An industry-wide issue was found in the way many modern microprocessor designs have implemented speculative execution of instructions (a commonly used performance optimization). There are three primary variants of the issue which differ in the way the speculative execution can be exploited. Variant CVE-2017-5753 triggers the speculative execution by performing a bounds-check bypass. It relies on the presence of a precisely-defined instruction sequence in the privileged code as well as the fact that memory accesses may cause allocation into the microprocessor's data cache even for speculatively executed instructions that never actually commit (retire). As a result, an unprivileged attacker could use this flaw to cross the syscall boundary and read privileged memory by conducting targeted cache side-channel attacks.

CVSS3 Base Score    8.2

For Unitrends systems, the risk of this exploit is minimal because shell access is restricted and the complexity is high, but many customers will need this resolved for compliance testing. 

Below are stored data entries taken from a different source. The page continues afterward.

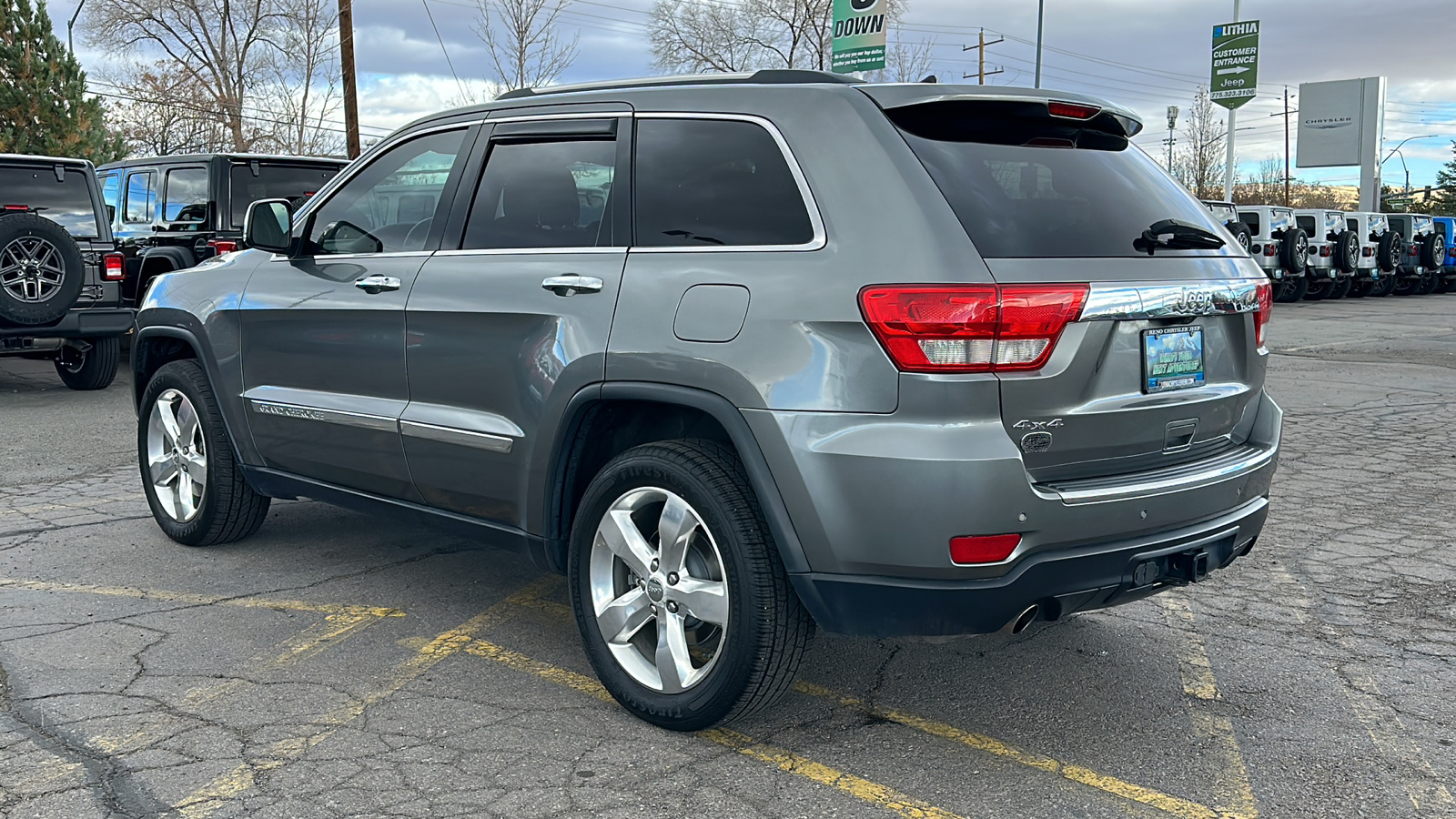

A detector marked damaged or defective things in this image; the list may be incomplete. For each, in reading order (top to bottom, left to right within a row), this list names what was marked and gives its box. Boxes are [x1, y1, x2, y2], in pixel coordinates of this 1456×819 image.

cracked asphalt [0, 297, 1449, 819]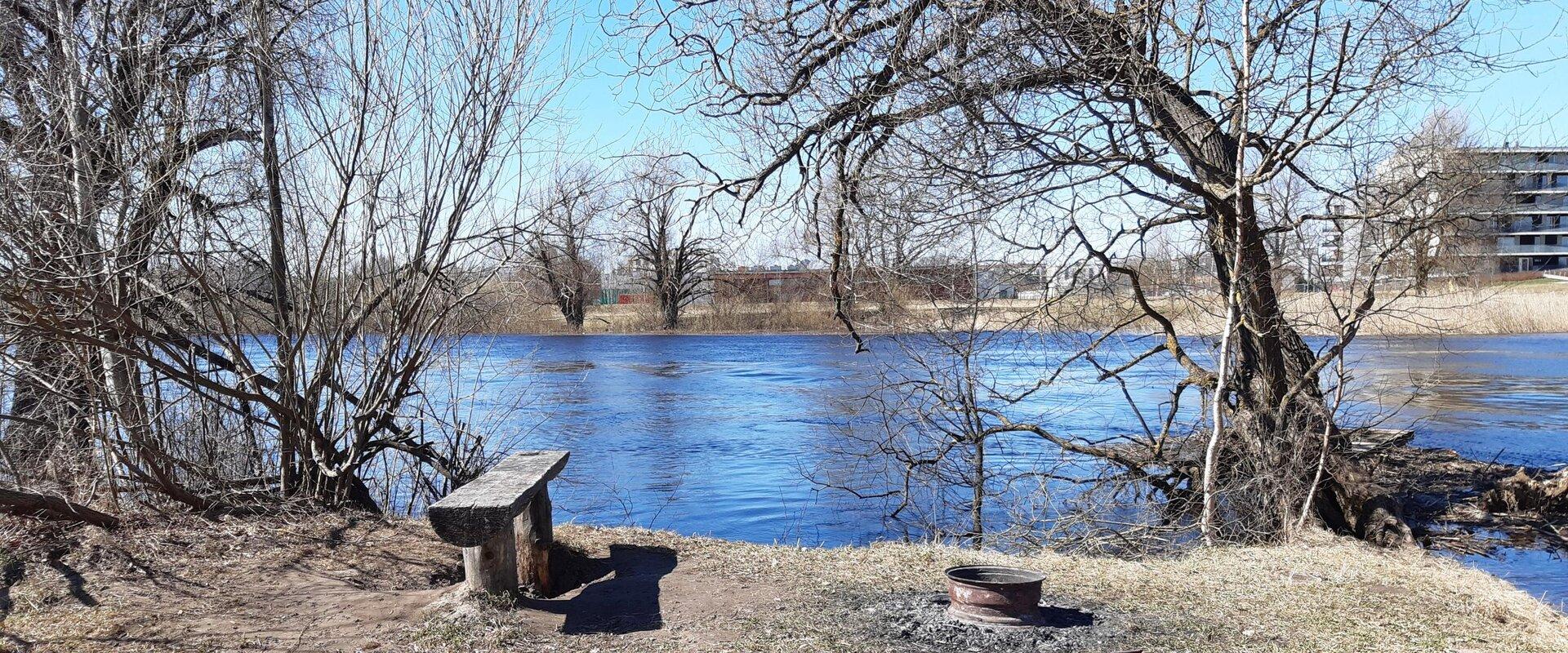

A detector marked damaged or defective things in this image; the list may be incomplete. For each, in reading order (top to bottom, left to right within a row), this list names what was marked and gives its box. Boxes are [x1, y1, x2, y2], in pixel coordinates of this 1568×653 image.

rusty metal bowl [941, 563, 1040, 623]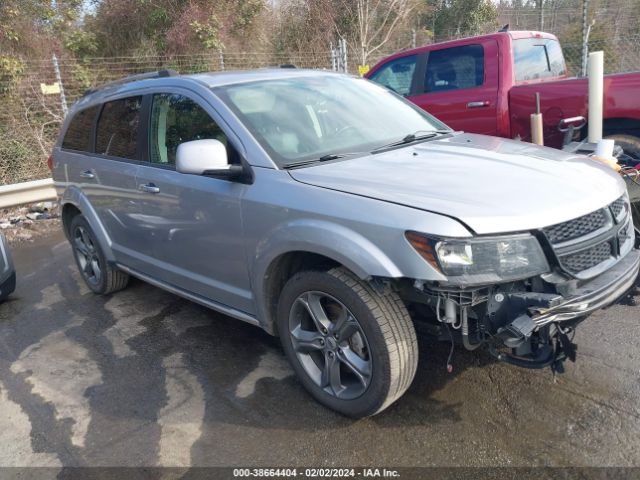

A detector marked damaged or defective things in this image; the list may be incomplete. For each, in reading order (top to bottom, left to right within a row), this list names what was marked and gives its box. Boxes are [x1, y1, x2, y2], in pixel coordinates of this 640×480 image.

cracked front bumper [528, 248, 640, 326]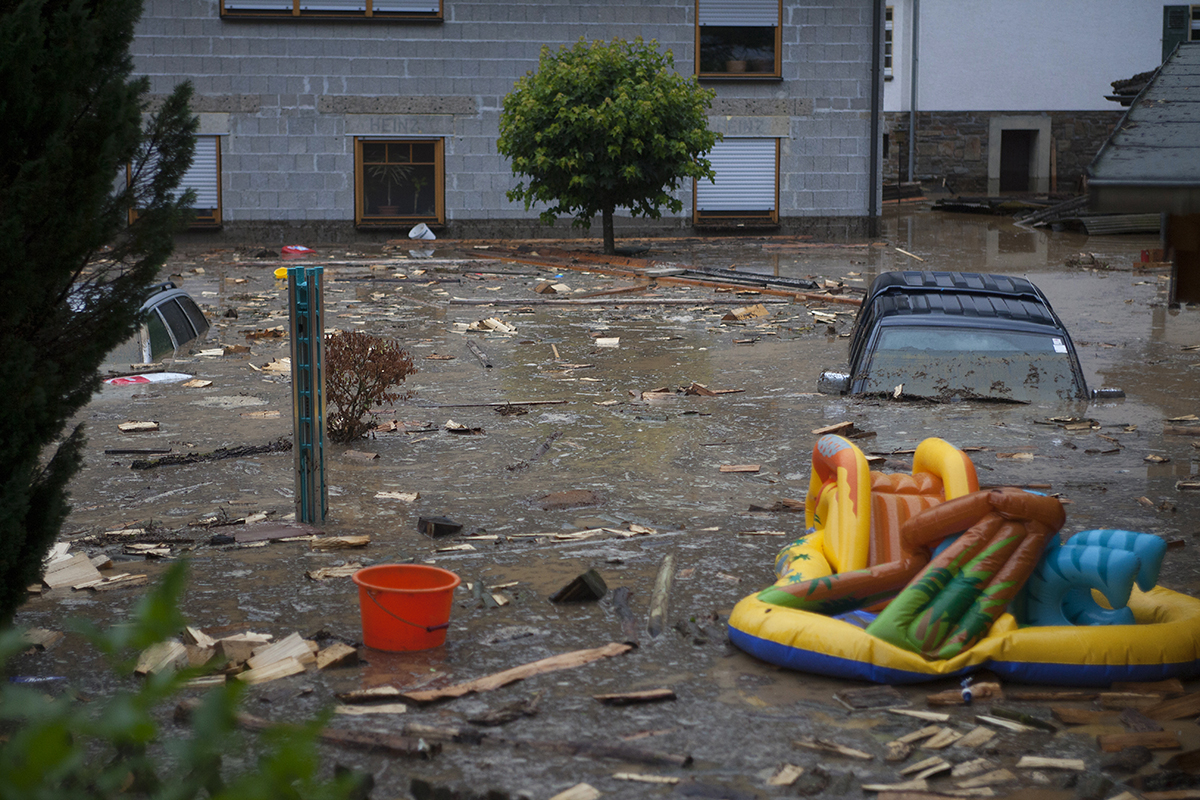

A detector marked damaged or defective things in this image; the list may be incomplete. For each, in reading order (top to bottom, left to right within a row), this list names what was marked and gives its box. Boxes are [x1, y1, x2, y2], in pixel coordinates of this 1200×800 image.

broken wooden plank [404, 644, 632, 700]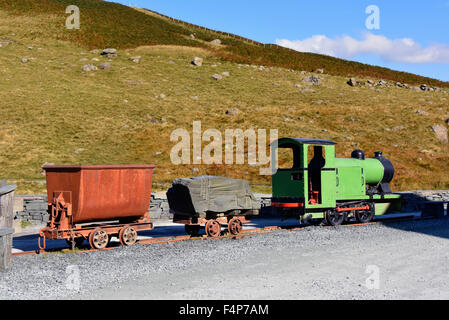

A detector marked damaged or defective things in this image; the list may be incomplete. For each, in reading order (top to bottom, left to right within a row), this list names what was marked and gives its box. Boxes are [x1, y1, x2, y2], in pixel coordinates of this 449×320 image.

rusty mine cart [37, 165, 156, 250]
red-brown rusty metal panel [42, 165, 154, 222]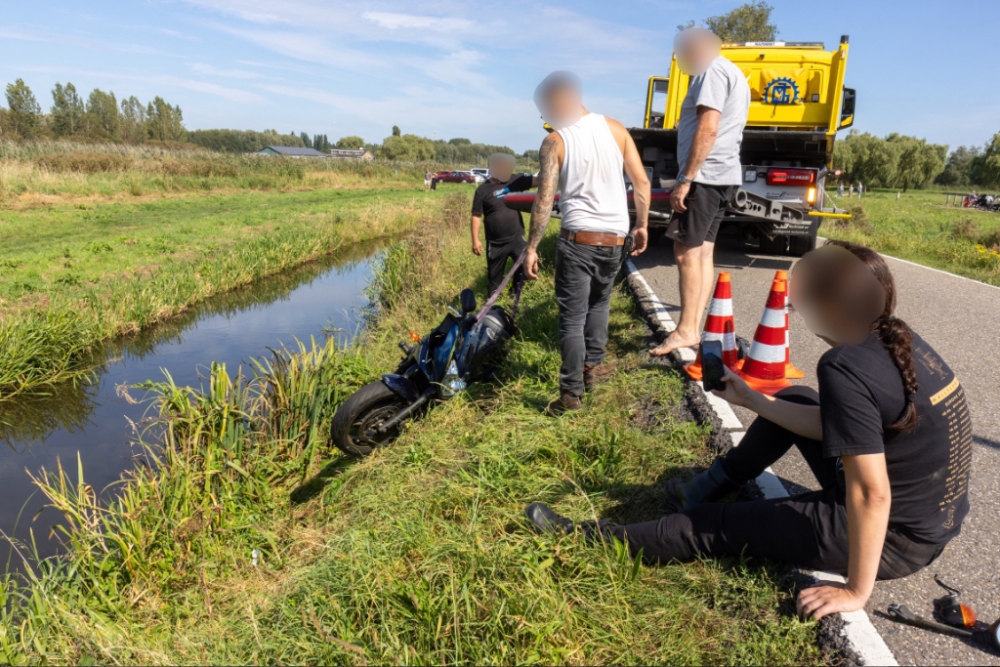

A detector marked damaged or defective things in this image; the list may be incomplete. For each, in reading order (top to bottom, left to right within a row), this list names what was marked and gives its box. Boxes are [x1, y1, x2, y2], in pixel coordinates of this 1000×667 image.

crashed blue motorcycle [332, 288, 516, 454]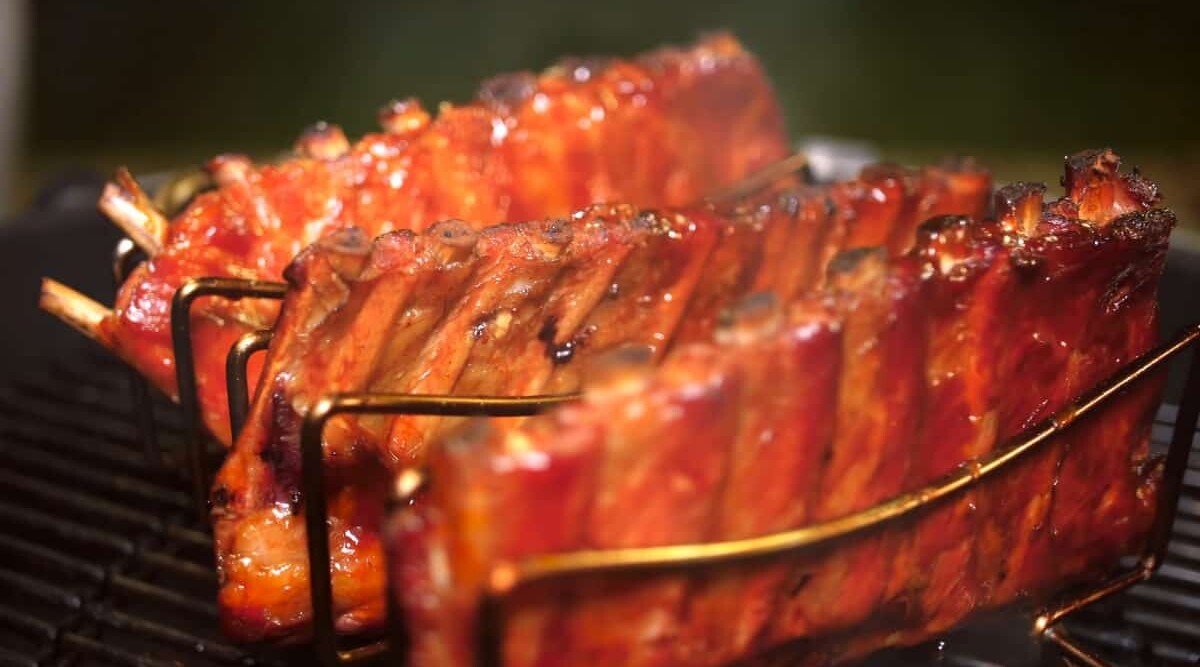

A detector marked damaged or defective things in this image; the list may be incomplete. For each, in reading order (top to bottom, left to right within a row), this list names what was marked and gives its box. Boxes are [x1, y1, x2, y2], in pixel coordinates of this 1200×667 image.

burnt char mark [475, 71, 537, 110]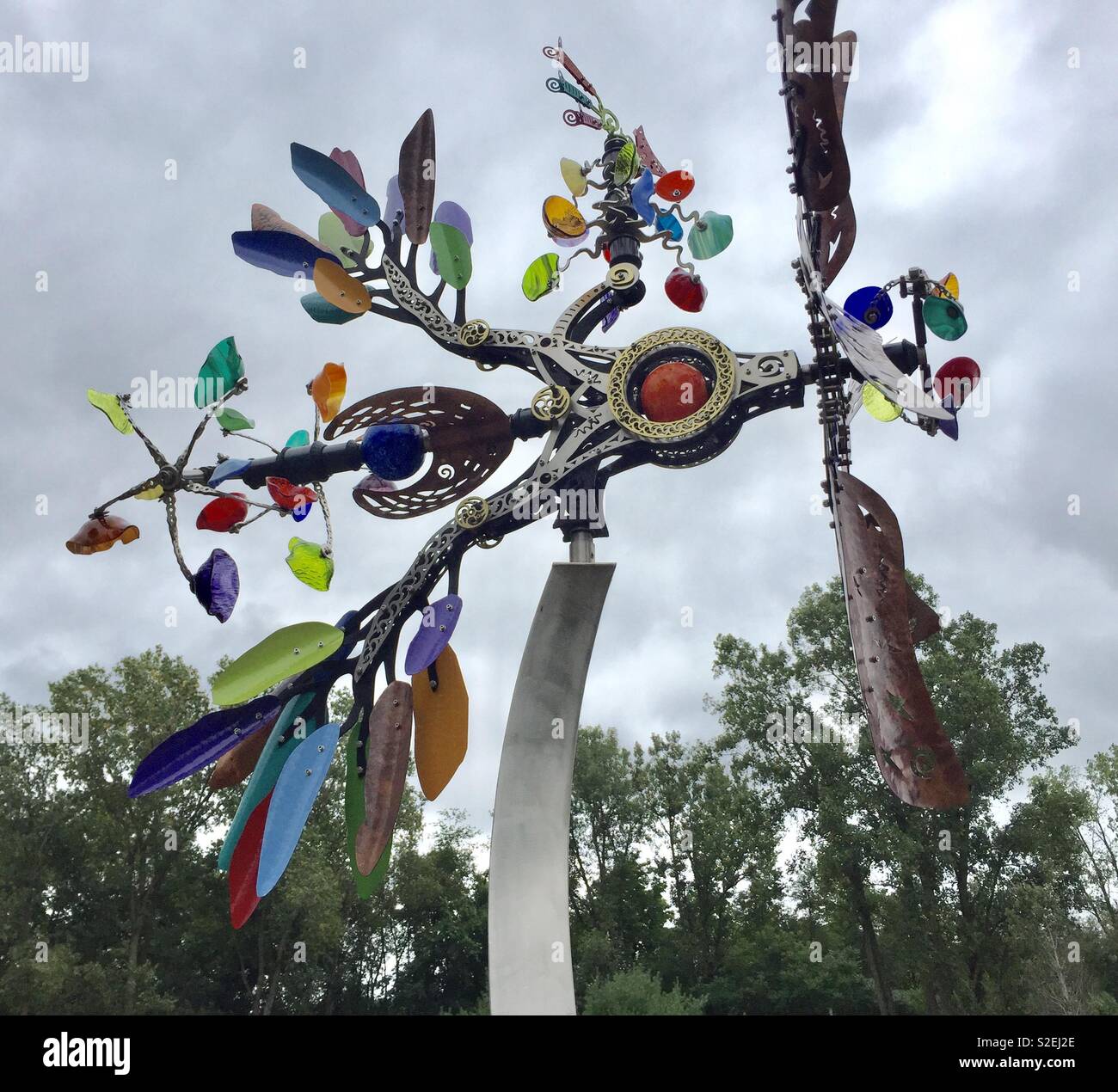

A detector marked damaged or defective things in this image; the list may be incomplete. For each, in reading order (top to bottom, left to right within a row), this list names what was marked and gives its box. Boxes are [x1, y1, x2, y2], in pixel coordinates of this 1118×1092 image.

rusty metal blade [396, 109, 435, 246]
rusty metal blade [832, 471, 963, 812]
rusty metal blade [354, 681, 411, 877]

Related CVEs:  CVE-2017-5754, CVE-2017-5715

RESOLUTION

For Unitrends Physical Appliances and VMWare UBs, to immediately install the security update that contains protection from this threat:
Click Here:  ---->  How to apply Unitrends security updates
You should reboot after applying this security update in order to run the new kernel. 


This risk is mitigated with Unitrends security_update v10.17 or later which includes kernel-2.6.32-696.18.7.el6.  This updated CentOS6 kernel will be applied to physical and VMware UB systems.
For Xen UB VMs, this kernel is not compatible, and the host update is not yet available. 
For Hyper-V UB and Azure UB, the kmod-microsoft-hyper-v rpm to support this has not yet been released.

With v10.18 on 01/09/2018, the Unitrends security_update adds a qemu-kvm-0.12.1.2-2.503.el6_9.4.x86_64.rpm package also.

Note that the new kernel may have a performance impact.  Red Hat estimates that the impact will reduce performance in a range from 5% to 30%.  Unitrends has not yet completed its own performance estimates, but we believe that our performance impact will be on the low end of this range because the speculative execution functions affected are used less on our systems.  

If the new kernel performance is not satisfactory, run this command from PuTTY/ssh and reboot to revert to the previous kernel:

/usr/bp/bin/setboot 1
Note that if the UB is a guest VM on VMware ESXi, it is also important to update the VMware ESXi host.